Task – Give the listing again character for character, but drop the images.

Stored data –
**********
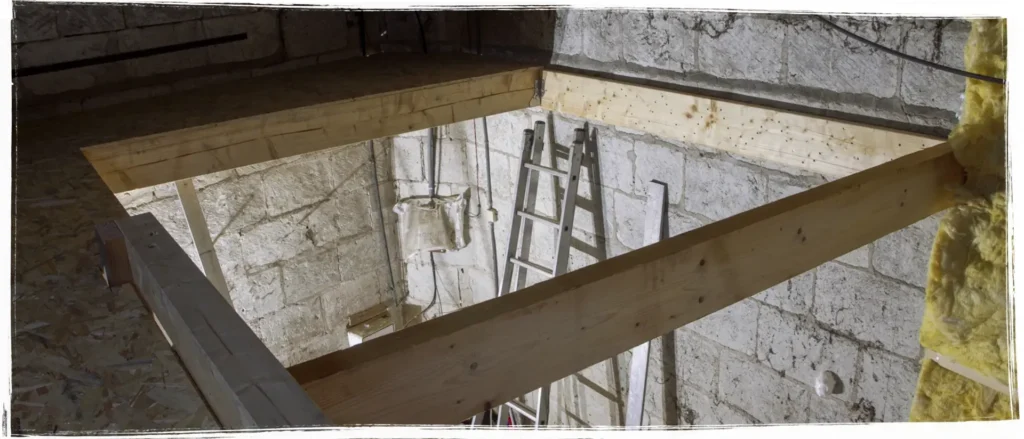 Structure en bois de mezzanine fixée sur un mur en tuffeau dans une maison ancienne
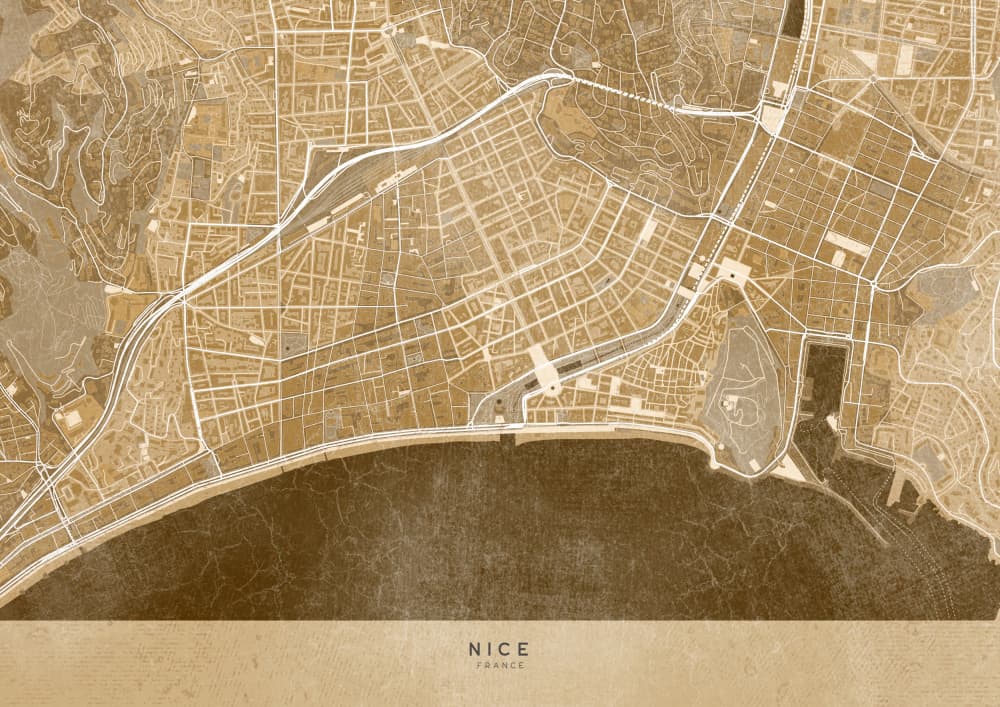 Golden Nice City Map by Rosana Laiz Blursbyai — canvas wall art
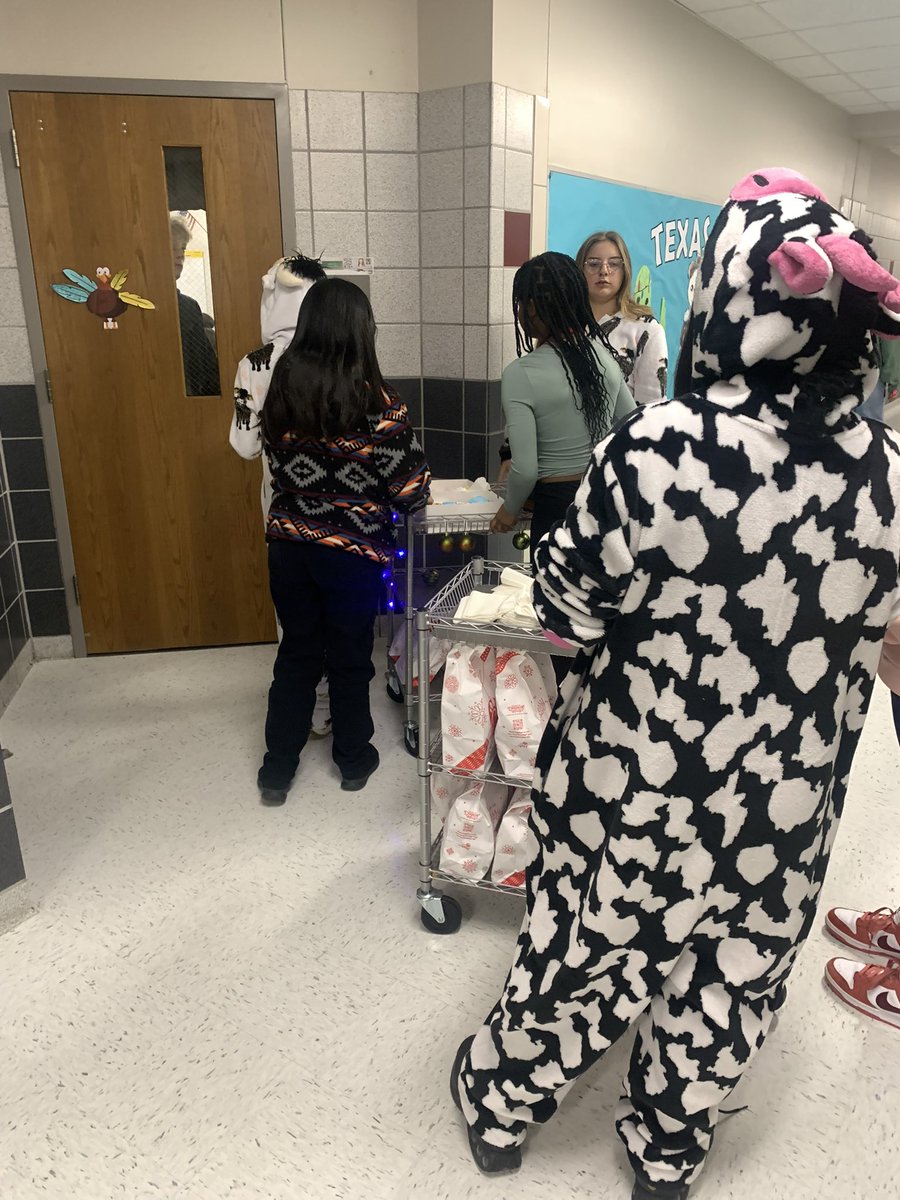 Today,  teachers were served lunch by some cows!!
**********
Reply to the exercise –
 Structure en bois de mezzanine fixée sur un mur en tuffeau dans une maison ancienne
 Golden Nice City Map by Rosana Laiz Blursbyai — canvas wall art
 Today,  teachers were served lunch by some cows!!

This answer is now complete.